Quelles sont les positions politiques soutenues par Rochefort tout au long de sa carrière ? Connaissent-elles une évolution ?
Rochefort a, à tout le moins, une constance : il a toujours été dans l’opposition au pouvoir en place… quel qu’il soit ! Cela dit, son évolution politique, de l’extrême gauche à l’extrême droite, pose question. En effet, il est d’abord un socialiste révolutionnaire, proche de Jules Vallès et de Blanqui. On le surnomme d’ailleurs le « marquis rouge ». À la fin des années 1880, il apparaît cependant comme l’un des principaux soutiens du général Boulanger et se rapproche, ensuite, progressivement de l’extrême-droite. Il faut pourtant attendre 1898, suite à une violente polémique avec Jaurès, pour que la rupture de Rochefort, qui s’est rangé dans le camp des antidreyfusards, avec les socialistes soit effective. De ce point de vue, Rochefort, dont l’antisémitisme est ancien, a pu être envisagé comme un spécimen de « gauche réactionnaire » ou de « droite révolutionnaire», préfigurant le fascisme. Le danger est toutefois, d’interpréter, de manière un peu anachronique, sa trajectoire politique à l’aune de ce qu’il est finalement devenu. Jusqu’à l’affaire Dreyfus, Rochefort reste considéré comme un homme politique de gauche, symbolisant la rébellion contre l’Empire et la tradition de la Commune.
Comment se situe-t-il dans la nébuleuse pamphlétaire qui se crée sous la IIIe République et quelles sont ses relations avec d’autres grands pamphlétaires comme Édouard Drumont par exemple ?
Il est la figure tutélaire de ce monde du pamphlet de l’époque. Avec La Lanterne, il inaugure, en effet, la mise à la mode du pamphlet en cette fin de siècle.

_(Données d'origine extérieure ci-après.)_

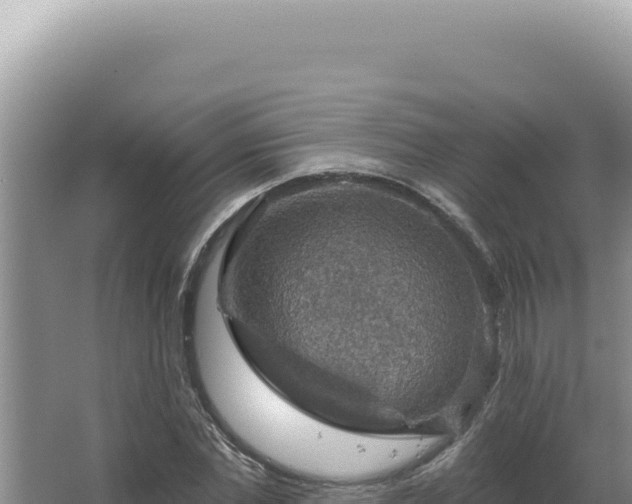 X0000064740877200602131313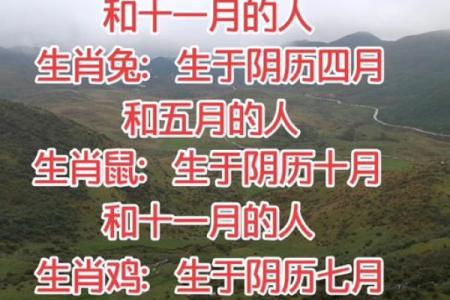 属虎女孩几月出生最好命 属虎女孩几月出生最好命阴历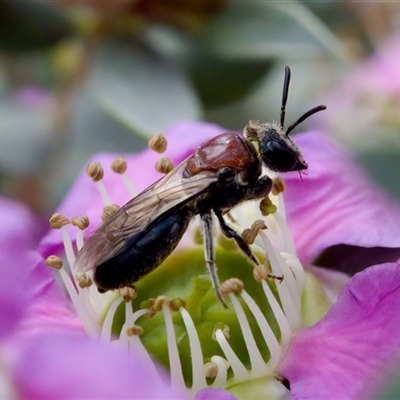 Euryglossa ephippiata (Saddleback Euryglossine Bee) at Florey, ACT - 6 Nov 2024 by KorinneM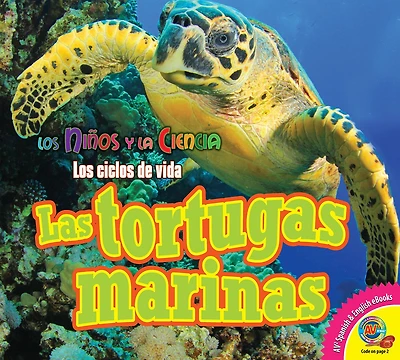 Las tortugas marinas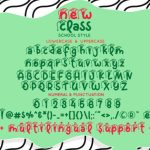 New Class Font Poster 7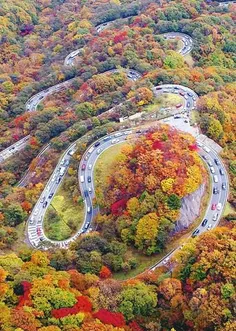 بهترین جاده ایران از لحاظ سرسبزی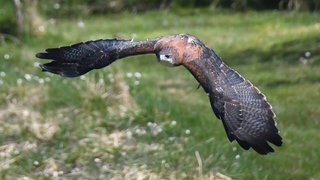Bei einer Flugshow der Greifvogelanlage Wüstenrot ist am Sonntag Bussard Zuri von einer Windböe erwischt und einige Hundert Meter weggetragen worden.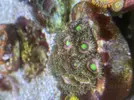 [TodoMarino.com] Pack zoanthus por desmonte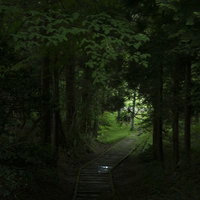 うっそうとした森を抜ける木道、薄暗い林を進む木製の歩道の写真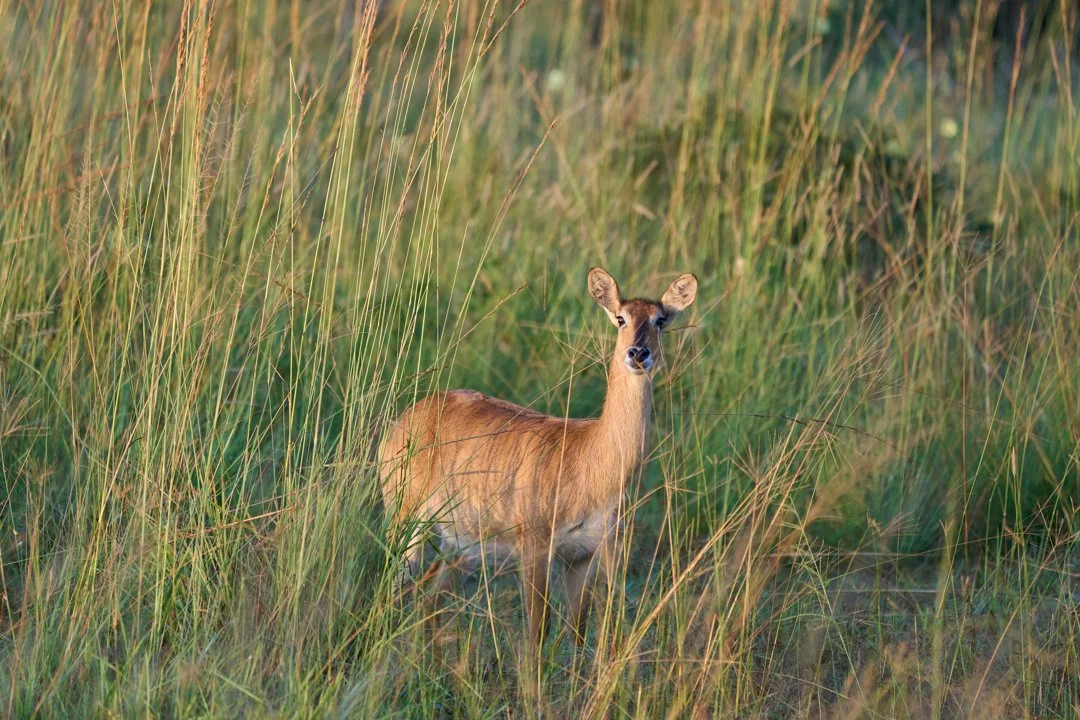 Hunting in Eastern Zambia: The Ultimate Safari Experience in Africa's Wild Heart, Official Hunting Seasons, Interesting Facts About Hunting
Geography and Natural Landsca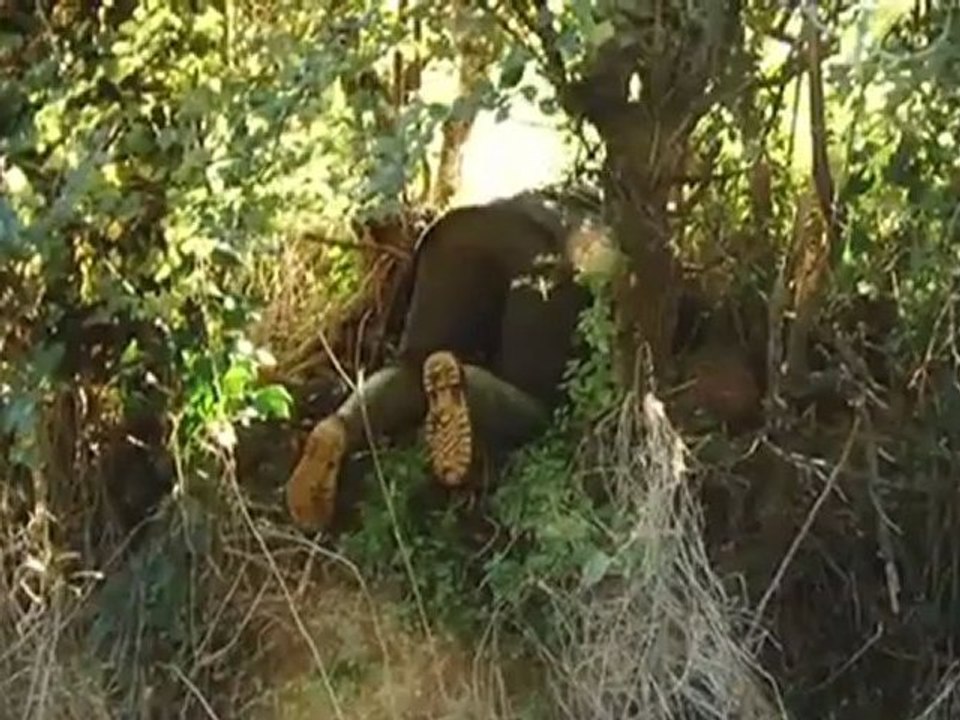 Britain: The Badger Cull | European Journal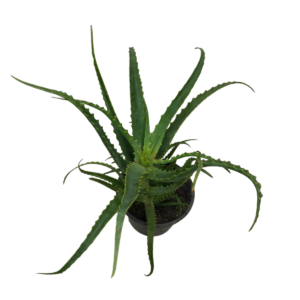 Babosa - Aloe Arborescens - 30cm Vaso Pote 14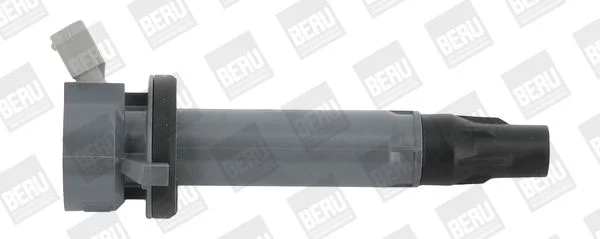 Ritė, uždegimas BorgWarner (BERU) ZSE194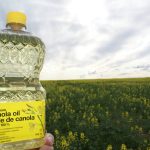 Bottle of canola oil in a field of canola.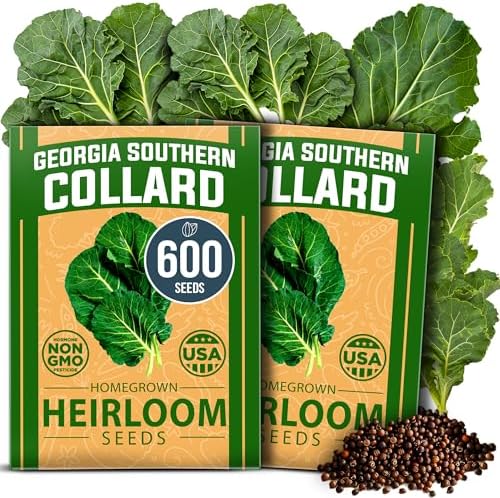 HOME GROWN Georgia Southern Collard Seeds, 600+ Seeds, Brassica oleracea by HOMEGROWN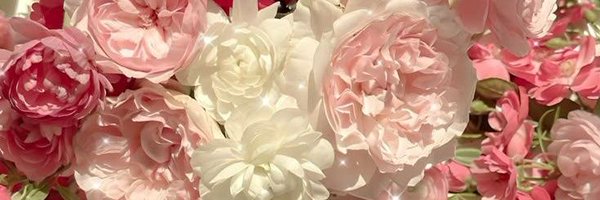 usercdt3 Profile Banner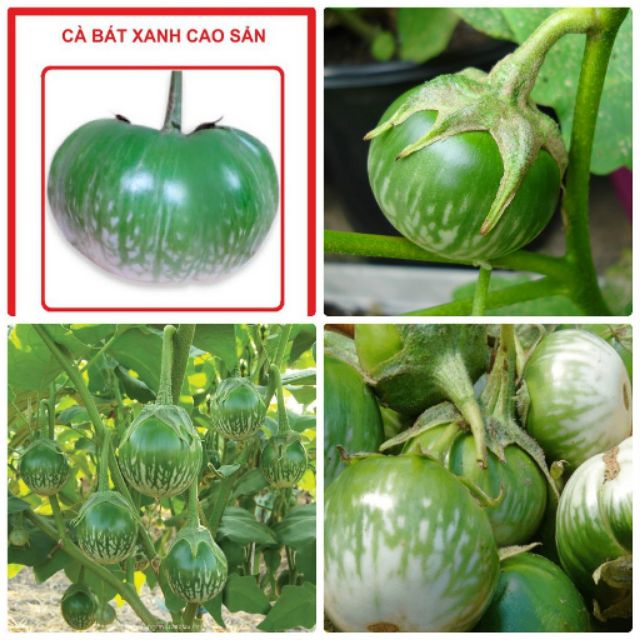 HẠT GIỐNG CÀ BÁT XANH - gói 1 gam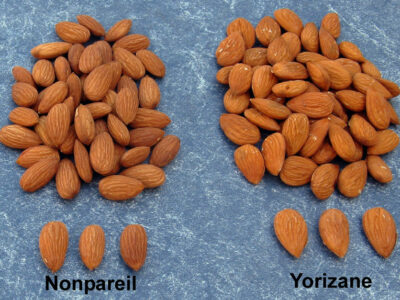 Almonds-Nonpareil-Yorizane-836x627-compressed.jpg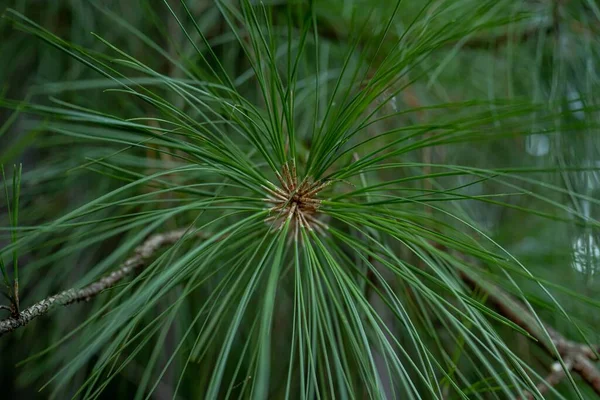 Een Close Van Groene Pinus Wallichiana Plant Tuin — Stockfoto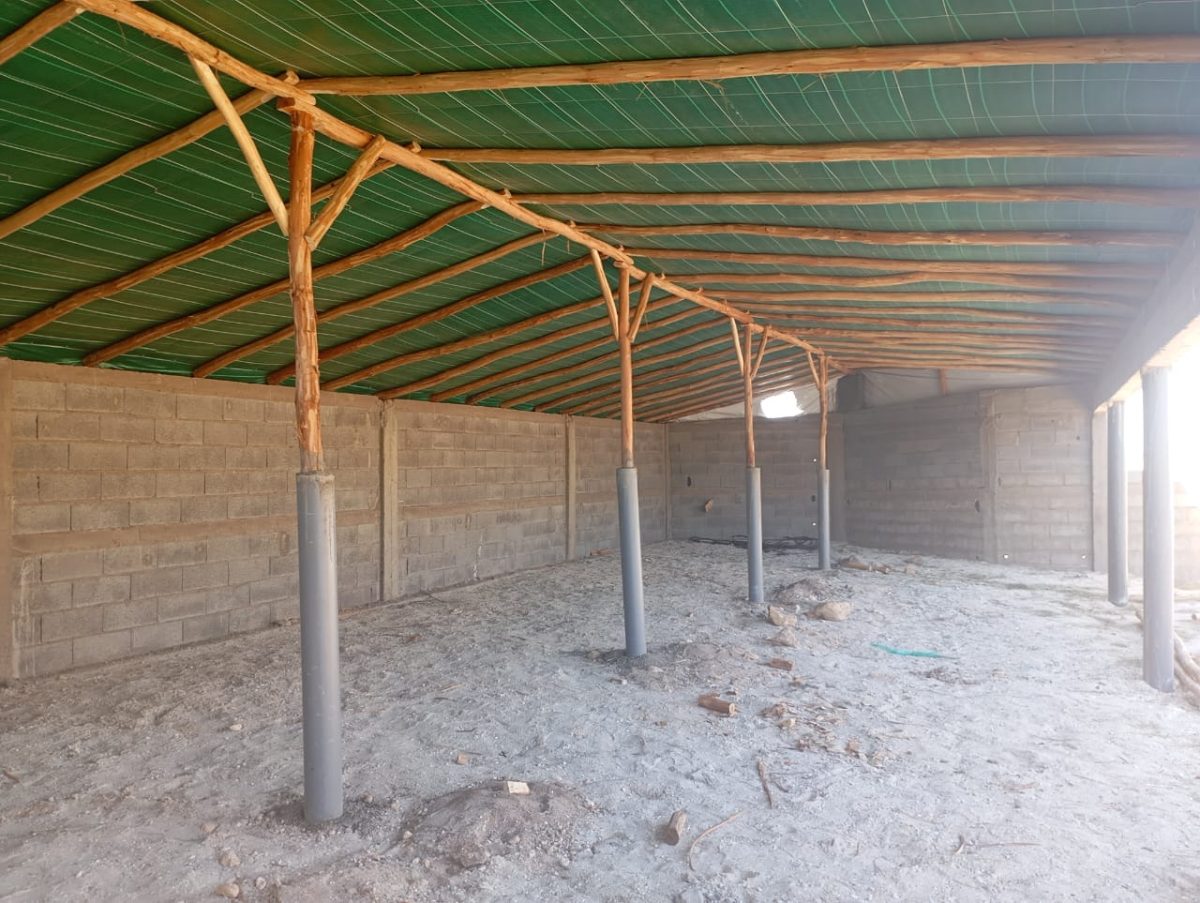 Intérieur de hangar à charpente bois et filet vert
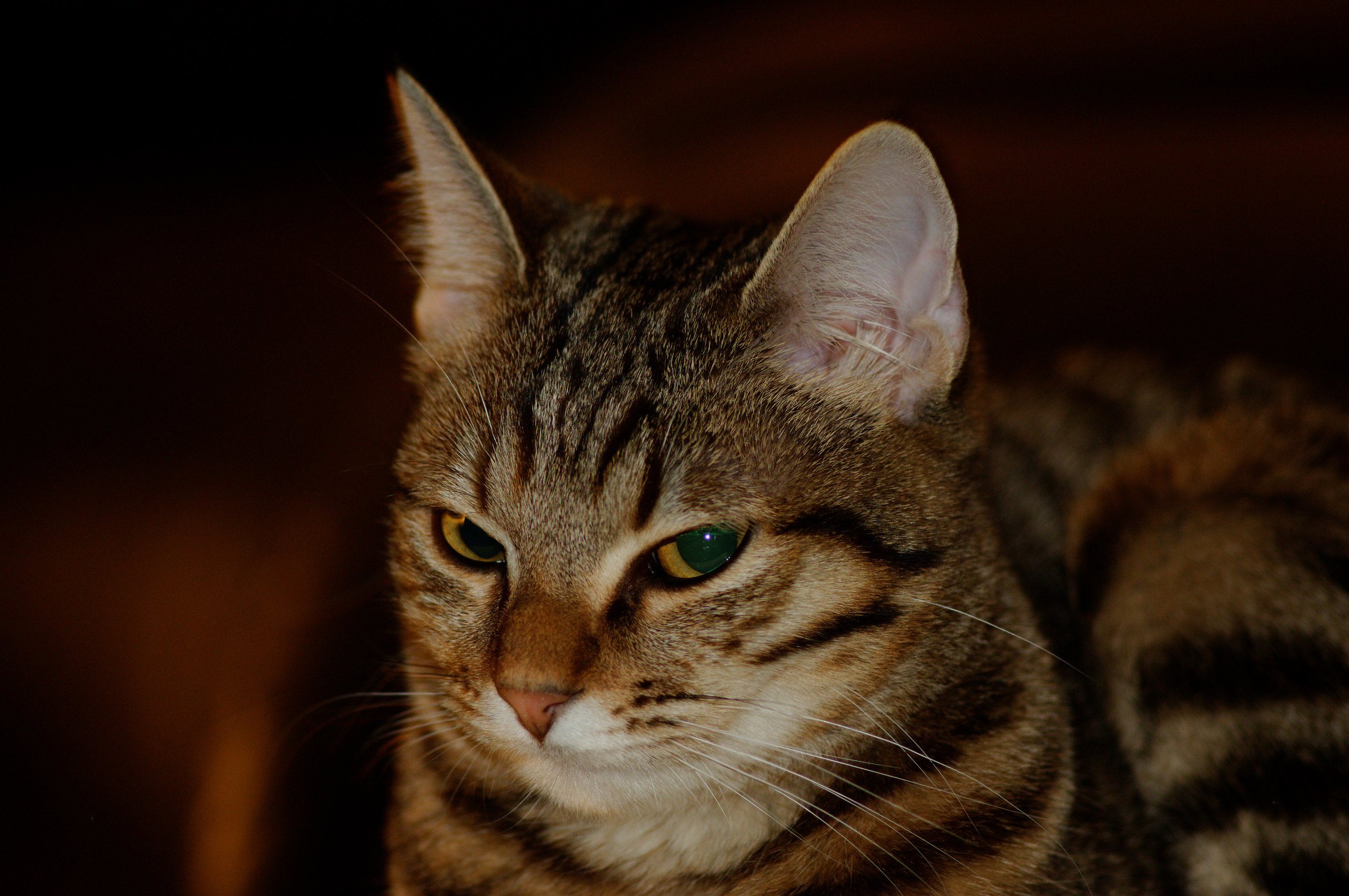 ... ho molto sonno... ma non mi sfugge nulla!!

Octave Mirbeau, lorsqu’il fait paraître son « pamphlet hebdomadaire », les Grimaces, en 1884 – qui lui vaut alors d’être surnommé « Rochefaible » – ou Léon Bloy le sien, Le Pal, l’année suivante, prennent ainsi clairement modèle sur le brûlot de Rochefort… Même s’il fait office de référence, Rochefort n’en reste pas moins jalousé, dénigré, brocardé par bon nombre d’autres pamphlétaires qui ne connaissent pas son succès. Souvent unis par des liens de sociabilité et, plus encore, par des haines communes, les pamphlétaires sont aussi divisés par des querelles personnelles, des conflits politiques et surtout des luttes d’influence, ce qui n’empêche pas des ententes de circonstance, des collusions d’intérêt. Les relations, parfois rocambolesques, de Rochefort avec Drumont sont assez intéressantes de ce point de vue. Depuis la publication de La France juive en 1886, Drumont, le « pape de l’antisémitisme », est devenu un pamphlétaire de tout premier plan et, avec la création de La Libre Parole, il s’est imposé comme un concurrent direct de Rochefort, directeur de L’Intransigeant. Dans les années 1890, la réussite de Drumont tend même à dépasser celle de Rochefort dont les tirages commencent à faiblir. En dépit de leur rapprochement idéologique, les deux pamphlétaires, qui ne s’apprécient guère, se retrouvent donc en rivalité. Il semble toutefois qu’ils aient conclu, en quelque sorte, un pacte de non-agression. Menant des campagnes communes, L’Intransigeant et La Libre Parole, malgré leur concurrence, évitent soigneusement d’entrer en conflit : « il y a entre les deux hommes un accord tacite de ne jamais s’attaquer, de n’ouvrir en aucun cas, les colonnes de leurs familles respectives à quiconque s’en prendrait à l’un d’eux », précise un rapport de police de 1895.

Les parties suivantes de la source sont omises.